- [About this exercise] Repeat the lines from the one containing "Statische Kartenansicht: NIBIS: setzungs-/hebungsempfindlicher" through the last line of the data, exactly, pictures omitted.

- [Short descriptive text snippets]
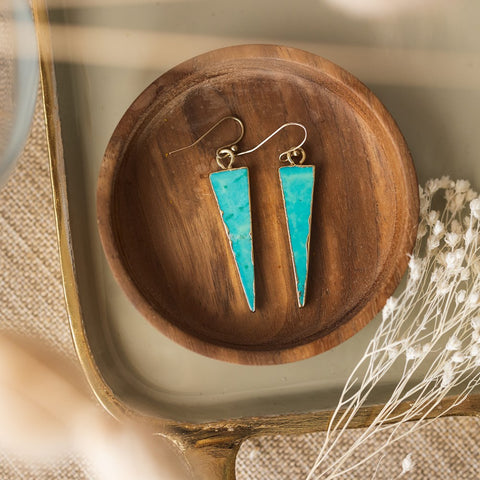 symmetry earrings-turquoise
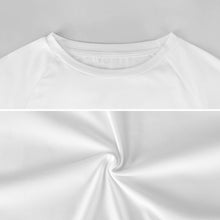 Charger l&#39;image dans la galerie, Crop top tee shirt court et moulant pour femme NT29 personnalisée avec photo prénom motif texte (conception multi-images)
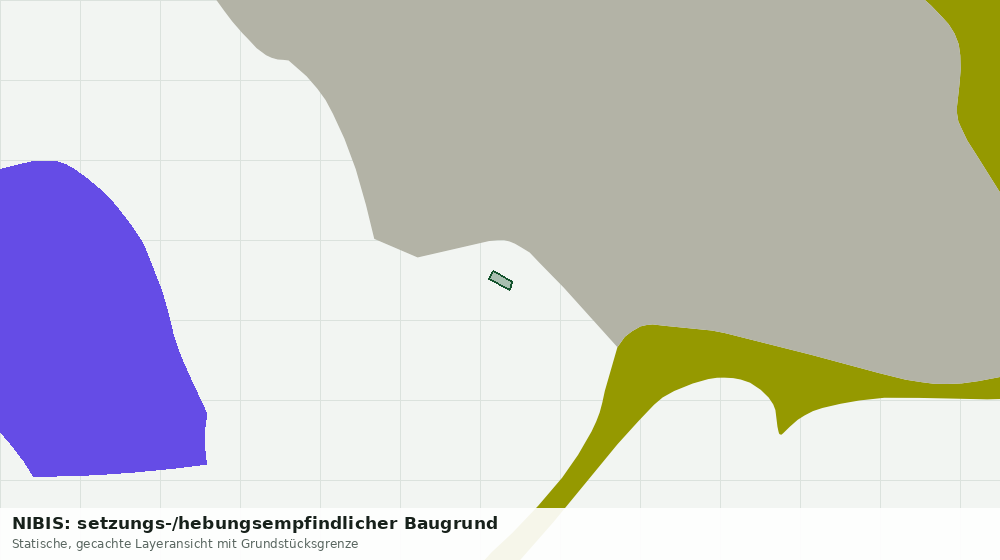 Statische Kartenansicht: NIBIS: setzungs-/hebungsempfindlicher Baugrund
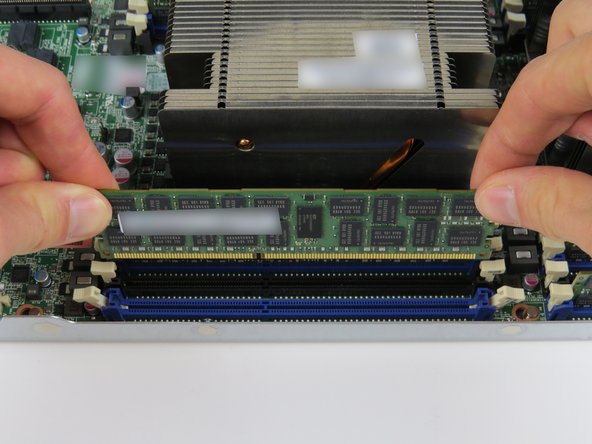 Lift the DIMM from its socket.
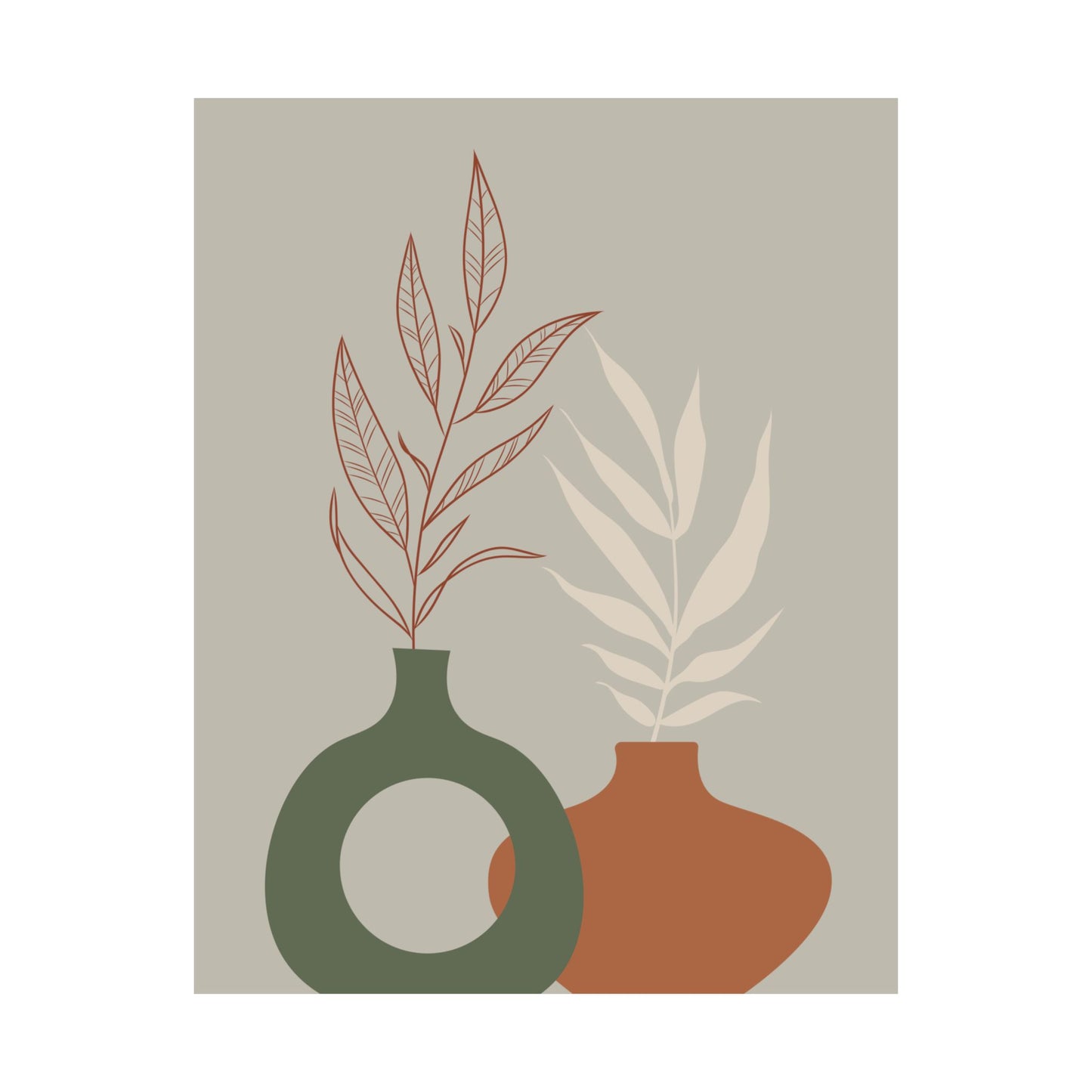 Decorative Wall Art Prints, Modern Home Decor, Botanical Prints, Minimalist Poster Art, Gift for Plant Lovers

- [Output of the exercise]
 Statische Kartenansicht: NIBIS: setzungs-/hebungsempfindlicher Baugrund
 Lift the DIMM from its socket.
 Decorative Wall Art Prints, Modern Home Decor, Botanical Prints, Minimalist Poster Art, Gift for Plant Lovers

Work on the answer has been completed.